In the summertime Bobby and his classmate Jim Peacock, who lived down on Weadley Road, and I would ride bikes around the neighborhood and hang down at the park. There would occasionally be pick-up baseball games or maybe we’d swing across the creek where someone had strung up a rope swing. When we got a little older, a big outing would be riding the bikes down to the Village Mart for TastyKakes and cokes. Or maybe even a hoagie or cheesesteak at Pete-Za-Rama. In later years, we’d cycle down to the end of King of Prussia Road, hide the bikes in the bushes, and then walk over the railroad trestle and make our way to the Plaza to hang out on a Saturday, since there was no real downtown King of Prussia to go to.

When I turned 16 in 1970 and got my driver’s license, it was time to leave the bikes behind. I would occasionally be allowed to use the family car to either drive to the Plaza, maybe to the Valley Forge Drive-In, or just cruise around the King with the guys. The Burger King was the hip place to hang out in back then, but without owning my own car, it wasn’t very cool to be trying to hang with a Ford Fairlane station wagon.

But in 1971, when both Bobby and Jim turned 16, they got cars of their own, and this is when the fun was taken to the next level. Jim’s first was a 1960 Ford three-speed hotrod, and I believe that Bobby had an early ‘60s white Chevy Bel Air sedan. A short time later, Jim upgraded to a 1960 pink Cadillac, which was one cool car to cruise around in. At this point Bobby was also working at his father’s service station, and sometimes Jim and I would hang out there on a Saturday night while many of the dudes with hot cars would stop by for gas or just to chat.

Before long either Bobby stopped working on Saturday nights or the station started closing earlier. Whatever the case, this freed us up to start doing some things that mischievous teens are often apt to do.

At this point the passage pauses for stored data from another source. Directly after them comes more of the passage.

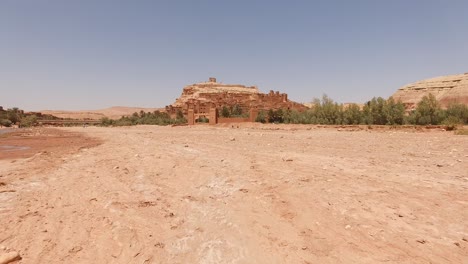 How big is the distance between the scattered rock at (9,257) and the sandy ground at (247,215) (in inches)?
4.3

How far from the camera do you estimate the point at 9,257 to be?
322 centimetres

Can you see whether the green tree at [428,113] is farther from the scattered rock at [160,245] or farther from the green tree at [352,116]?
the scattered rock at [160,245]

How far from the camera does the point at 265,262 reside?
3.09 meters

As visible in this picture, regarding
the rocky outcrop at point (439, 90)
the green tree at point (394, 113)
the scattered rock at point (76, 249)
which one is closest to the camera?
the scattered rock at point (76, 249)

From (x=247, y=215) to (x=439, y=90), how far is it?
90335 mm

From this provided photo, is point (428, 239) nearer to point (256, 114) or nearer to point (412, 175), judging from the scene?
point (412, 175)

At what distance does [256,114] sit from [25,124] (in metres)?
56.6

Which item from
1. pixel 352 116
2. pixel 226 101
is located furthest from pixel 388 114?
pixel 226 101

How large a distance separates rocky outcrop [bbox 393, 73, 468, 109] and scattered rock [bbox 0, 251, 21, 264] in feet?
245

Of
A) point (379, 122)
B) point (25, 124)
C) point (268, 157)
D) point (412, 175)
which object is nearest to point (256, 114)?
point (379, 122)

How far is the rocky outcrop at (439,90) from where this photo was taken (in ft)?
227

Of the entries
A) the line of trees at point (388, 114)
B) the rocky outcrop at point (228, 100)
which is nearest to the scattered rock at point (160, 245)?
the line of trees at point (388, 114)

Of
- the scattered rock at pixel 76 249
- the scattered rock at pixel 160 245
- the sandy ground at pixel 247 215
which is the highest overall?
the sandy ground at pixel 247 215

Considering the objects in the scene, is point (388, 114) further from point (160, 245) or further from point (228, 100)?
point (228, 100) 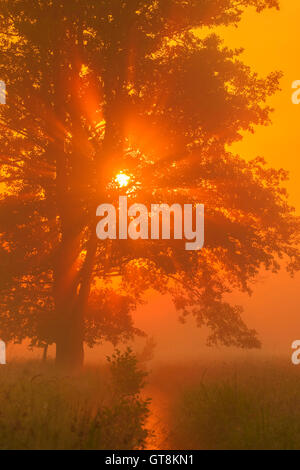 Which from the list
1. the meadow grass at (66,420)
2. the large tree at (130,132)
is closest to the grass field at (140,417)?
the meadow grass at (66,420)

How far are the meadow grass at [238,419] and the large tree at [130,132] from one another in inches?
284

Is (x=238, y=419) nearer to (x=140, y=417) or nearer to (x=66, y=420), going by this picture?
(x=140, y=417)

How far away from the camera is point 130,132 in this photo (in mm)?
20922

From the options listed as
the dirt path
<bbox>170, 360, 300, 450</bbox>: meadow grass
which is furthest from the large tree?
<bbox>170, 360, 300, 450</bbox>: meadow grass

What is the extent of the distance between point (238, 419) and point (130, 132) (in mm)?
12599

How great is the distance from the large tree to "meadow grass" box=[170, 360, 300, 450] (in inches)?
284

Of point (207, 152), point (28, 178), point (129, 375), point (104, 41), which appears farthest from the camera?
point (28, 178)

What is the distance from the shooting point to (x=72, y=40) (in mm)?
20281

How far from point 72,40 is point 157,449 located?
15554 mm

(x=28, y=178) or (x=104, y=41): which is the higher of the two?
(x=104, y=41)

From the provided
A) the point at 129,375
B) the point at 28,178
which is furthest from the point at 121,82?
the point at 129,375

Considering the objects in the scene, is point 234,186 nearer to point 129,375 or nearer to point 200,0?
point 200,0

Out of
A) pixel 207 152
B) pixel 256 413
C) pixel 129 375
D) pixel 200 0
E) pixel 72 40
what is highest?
pixel 200 0

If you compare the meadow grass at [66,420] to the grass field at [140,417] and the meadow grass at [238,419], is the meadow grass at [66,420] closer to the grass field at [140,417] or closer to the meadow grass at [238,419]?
the grass field at [140,417]
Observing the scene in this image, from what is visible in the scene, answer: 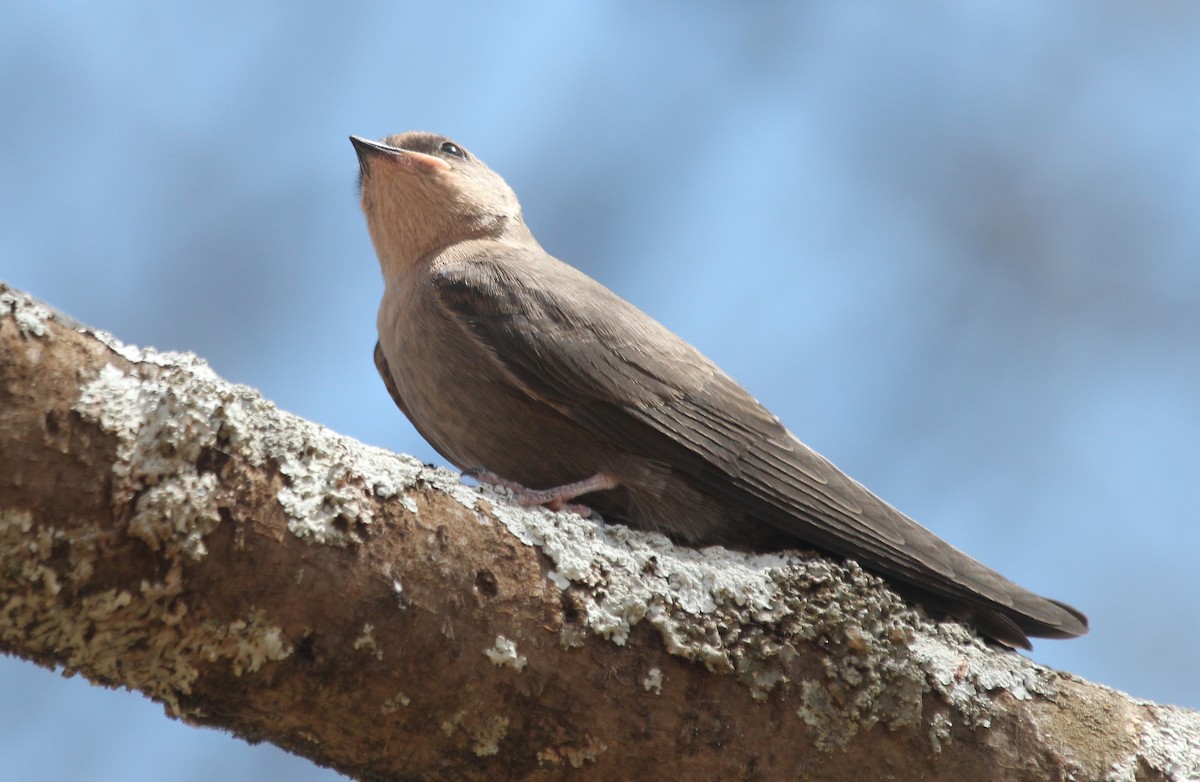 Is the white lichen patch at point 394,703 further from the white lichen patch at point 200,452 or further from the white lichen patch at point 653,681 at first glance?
the white lichen patch at point 653,681

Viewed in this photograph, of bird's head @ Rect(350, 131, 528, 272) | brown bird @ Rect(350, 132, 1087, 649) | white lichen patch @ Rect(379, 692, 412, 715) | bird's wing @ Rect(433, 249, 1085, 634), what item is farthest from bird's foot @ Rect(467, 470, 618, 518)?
bird's head @ Rect(350, 131, 528, 272)

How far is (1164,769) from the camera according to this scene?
8.39 ft

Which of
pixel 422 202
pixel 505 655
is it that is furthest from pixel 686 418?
pixel 422 202

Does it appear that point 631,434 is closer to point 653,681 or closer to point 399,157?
point 653,681

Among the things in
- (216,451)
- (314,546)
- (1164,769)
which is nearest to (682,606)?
(314,546)

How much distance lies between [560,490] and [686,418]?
1.58ft

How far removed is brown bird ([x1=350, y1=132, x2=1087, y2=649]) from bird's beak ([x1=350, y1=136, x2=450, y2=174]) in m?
0.86

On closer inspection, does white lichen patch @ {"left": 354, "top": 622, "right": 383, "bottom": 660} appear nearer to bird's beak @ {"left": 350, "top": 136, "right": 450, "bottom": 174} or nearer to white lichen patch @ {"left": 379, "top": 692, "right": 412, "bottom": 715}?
white lichen patch @ {"left": 379, "top": 692, "right": 412, "bottom": 715}

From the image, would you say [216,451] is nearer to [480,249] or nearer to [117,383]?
[117,383]

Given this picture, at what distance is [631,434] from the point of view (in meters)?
3.22

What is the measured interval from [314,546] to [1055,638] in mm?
2273

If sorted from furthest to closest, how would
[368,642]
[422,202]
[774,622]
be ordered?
[422,202], [774,622], [368,642]

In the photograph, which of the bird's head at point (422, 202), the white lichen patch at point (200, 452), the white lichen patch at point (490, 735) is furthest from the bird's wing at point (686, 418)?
the white lichen patch at point (490, 735)

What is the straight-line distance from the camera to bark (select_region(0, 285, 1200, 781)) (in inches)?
70.6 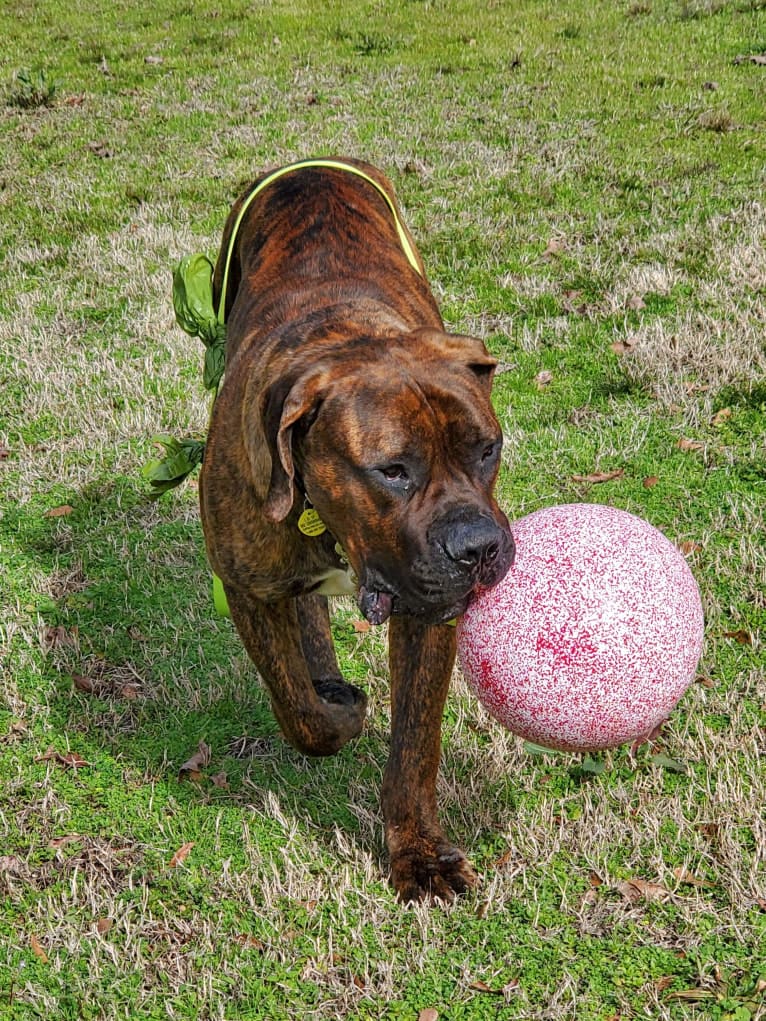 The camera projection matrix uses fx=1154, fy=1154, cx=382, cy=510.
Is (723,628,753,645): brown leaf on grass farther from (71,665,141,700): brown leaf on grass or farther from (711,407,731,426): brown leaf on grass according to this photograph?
(71,665,141,700): brown leaf on grass

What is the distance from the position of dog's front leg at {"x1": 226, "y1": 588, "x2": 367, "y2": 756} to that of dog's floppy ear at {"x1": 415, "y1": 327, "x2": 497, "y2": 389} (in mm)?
984

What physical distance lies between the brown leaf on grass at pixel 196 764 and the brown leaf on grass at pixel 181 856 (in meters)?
0.36

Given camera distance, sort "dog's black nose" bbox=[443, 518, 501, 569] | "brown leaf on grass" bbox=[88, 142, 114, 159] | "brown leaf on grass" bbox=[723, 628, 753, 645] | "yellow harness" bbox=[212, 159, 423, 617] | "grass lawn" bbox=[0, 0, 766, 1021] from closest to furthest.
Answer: "dog's black nose" bbox=[443, 518, 501, 569] < "grass lawn" bbox=[0, 0, 766, 1021] < "brown leaf on grass" bbox=[723, 628, 753, 645] < "yellow harness" bbox=[212, 159, 423, 617] < "brown leaf on grass" bbox=[88, 142, 114, 159]

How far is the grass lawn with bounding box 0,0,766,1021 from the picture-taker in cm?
352

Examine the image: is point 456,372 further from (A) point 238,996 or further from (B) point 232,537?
(A) point 238,996

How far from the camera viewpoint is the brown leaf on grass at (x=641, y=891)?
141 inches

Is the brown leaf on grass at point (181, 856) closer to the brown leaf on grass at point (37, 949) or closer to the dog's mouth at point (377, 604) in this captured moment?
the brown leaf on grass at point (37, 949)

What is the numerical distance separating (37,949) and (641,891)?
192 cm

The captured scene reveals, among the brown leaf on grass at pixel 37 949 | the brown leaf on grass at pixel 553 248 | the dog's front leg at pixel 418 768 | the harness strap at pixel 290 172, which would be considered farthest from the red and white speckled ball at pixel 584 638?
the brown leaf on grass at pixel 553 248

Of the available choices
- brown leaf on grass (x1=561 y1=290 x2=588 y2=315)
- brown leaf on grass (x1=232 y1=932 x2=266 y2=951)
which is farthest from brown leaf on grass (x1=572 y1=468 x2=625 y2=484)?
brown leaf on grass (x1=232 y1=932 x2=266 y2=951)

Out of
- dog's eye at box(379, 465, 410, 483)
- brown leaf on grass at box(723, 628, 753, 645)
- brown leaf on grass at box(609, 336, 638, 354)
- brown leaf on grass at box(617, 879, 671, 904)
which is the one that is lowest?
brown leaf on grass at box(617, 879, 671, 904)

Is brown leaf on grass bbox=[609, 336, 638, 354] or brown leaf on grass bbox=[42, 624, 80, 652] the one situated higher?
brown leaf on grass bbox=[609, 336, 638, 354]

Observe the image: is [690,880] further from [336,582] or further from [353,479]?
[353,479]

The craziest night that I ever had – there are three hours of my life that still remain a mystery to this day – was one evening at Bobby’s house with Jim. Bobby’s parents were out for the night, and Bobby had scored some vodka from his father’s liquor cabinet. So, we made some Screwdrivers, and with us being young and stupid, we downed a couple of glasses in a short amount of time. Before long, my head started spinning, we got really goofy, and somehow, I went running out the back door of the house towards the park. My next memory was of me walking back up the stairs to the house three hours later, wet from the evening dew and missing a shoe. Mrs. Cummins answered the door, and she said, “Where the hell have you been?” Everyone had been looking for me, and even the police were called. Thankfully my father was friends with Officer Brennan, who drove me to our house and handed me over to my parents, and told them “Not to worry about this.” This was the first and last time that I ever blacked out from drinking alcohol, and I have never touched vodka or seldom tasted hard liquor since.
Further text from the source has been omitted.